A drop-in replacement for Python's
[`graphlib.TopologicalSorter`](https://docs.python.org/3/library/graphlib.html#graphlib.TopologicalSorter)
with an enhanced API.  This version of `TopologicalSorter` allows modifying the
graph at any time, and supports multiple simultaneous *views,* allowing
iteration over the graph more than once.

See the [**Enhanced `TopologicalSorter`**](#enhanced-topologicalsorter) section for more information.

#### `CycleError`

> Exception thrown by `TopologicalSorter` when it detects a cycle.

#### `TopologicalSorter(graph=None)`

> An object representing a directed graph of nodes.  See Python's
> [`graphlib.TopologicalSorter`](https://docs.python.org/3/library/graphlib.html#graphlib.TopologicalSorter)
> for concepts and the basic API.

New methods on `TopologicalSorter`:

#### `TopologicalSorter.copy()`

> Returns a shallow copy of the graph.  The copy also duplicates
> the state of `get_ready` and `done`.

#### `TopologicalSorter.cycle()`

> Checks the graph for cycles.  If no cycles exist, returns None.
> If at least one cycle exists, returns a tuple containing nodes
> that constitute a cycle.

#### `TopologicalSorter.print(print=print)`

> Prints the internal state of the graph.  Used for debugging.
>
> `print` is the function used for printing;
> it should behave identically to the builtin `print` function.

#### `TopologicalSorter.remove(node)`

> Remove `node` from the graph.
>
> If any node `P` depends on a node `N`, and `N` is removed,
> this dependency is also removed, but `P` is not
> removed from the graph.
>
> remove() works but it's slow (O(N)).
> TopologicalSorter is optimized for fast adds and fast views.

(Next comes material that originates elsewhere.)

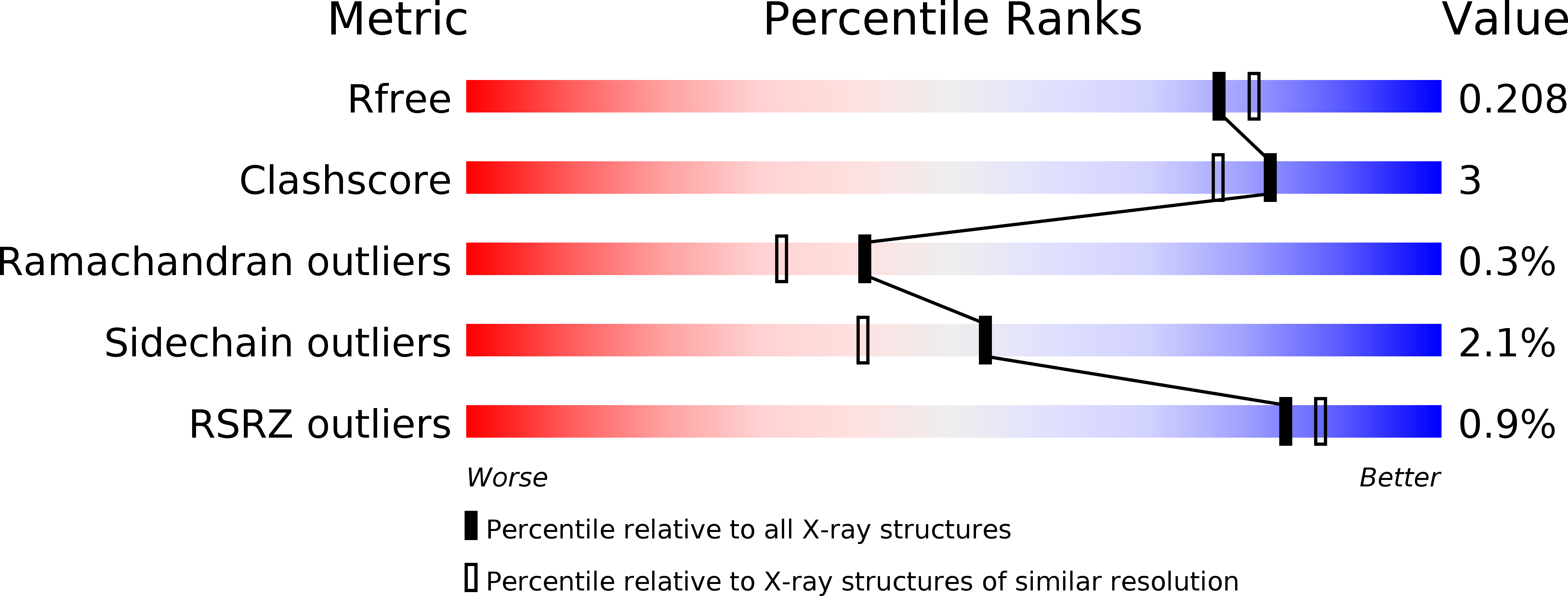 1XKY validation report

#### `TopologicalSorter.reset()`

Resets `get_ready` and `done` to their initial state.

#### `TopologicalSorter.view()`

> Returns a new `View` object on this graph.

#### `TopologicalSorter.View`

> A view on a `TopologicalSorter` graph object.
> Allows iterating over the nodes of the graph
> in dependency order.

Methods on a `View` object:

#### `View.__bool__()`

> Returns `True` if more work can be done in the
> view--if there are nodes waiting to be yielded by
> `get_ready`, or waiting to be returned by `done`.
>
> Aliased to `TopologicalSorter.is_active` for compatibility
> with graphlib.

#### `View.close()`

> Closes the view.  A closed view can no longer be used.

#### `View.copy()`

> Returns a shallow copy of the view, duplicating its current state.

#### `View.done(*nodes)`

> Marks nodes returned by `ready` as "done",
> possibly allowing additional nodes to be available
> from `ready`.

#### `View.print(print=print)`

> Prints the internal state of the view, and its graph.
> Used for debugging.
>
> `print` is the function used for printing;
> it should behave identically to the builtin `print` function.

#### `View.ready()`

> Returns a tuple of "ready" nodes--nodes with no
> predecessors, or nodes whose predecessors have all
> been marked "done".
>
> Aliased to TopologicalSorter.get_ready for
> compatibility with graphlib.

#### `View.reset()`

> Resets the view to its initial state,
> forgetting all "ready" and "done" state.


## `big.text`

Functions for working with text strings.  See the
[**Word wrapping and formatting**](#word-wrapping-and-formatting)
section below for a higher-level view on some of these functions.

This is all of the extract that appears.